§ TASK ITEM:
When you find the line with "Зелений Тойота Aqua, об'ємом" among the records below, reproduce it and each line after it exactly, ending with the line with "Dusty blue mother".
===== INPUT FOR THIS TASK =====
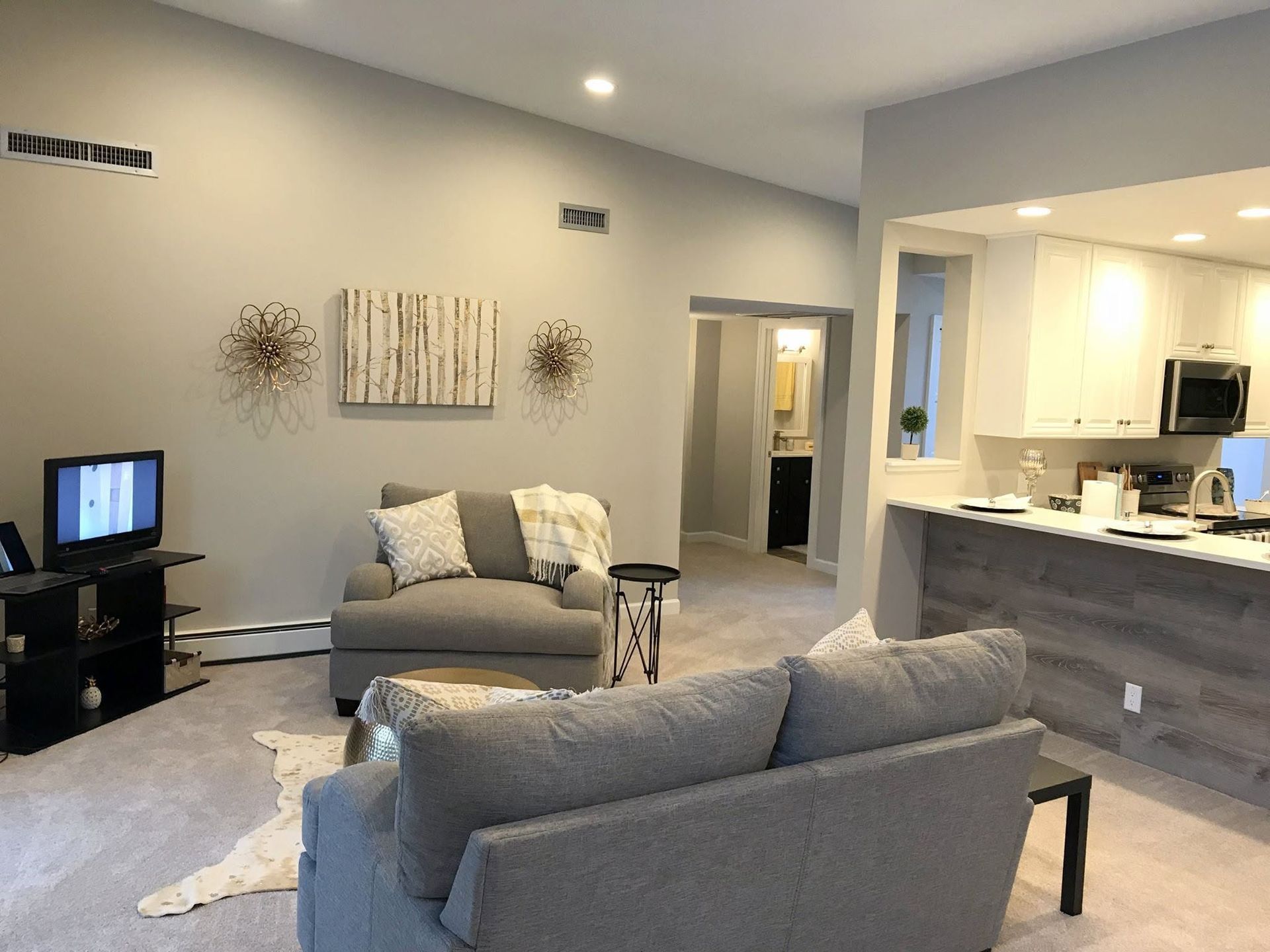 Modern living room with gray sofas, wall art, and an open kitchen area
=====
===== INPUT FOR THIS TASK =====
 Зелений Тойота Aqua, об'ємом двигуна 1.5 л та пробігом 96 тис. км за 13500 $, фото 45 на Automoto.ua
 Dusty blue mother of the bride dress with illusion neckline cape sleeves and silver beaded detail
=====
§ ANSWER SPACE:
 Зелений Тойота Aqua, об'ємом двигуна 1.5 л та пробігом 96 тис. км за 13500 $, фото 45 на Automoto.ua
 Dusty blue mother of the bride dress with illusion neckline cape sleeves and silver beaded detail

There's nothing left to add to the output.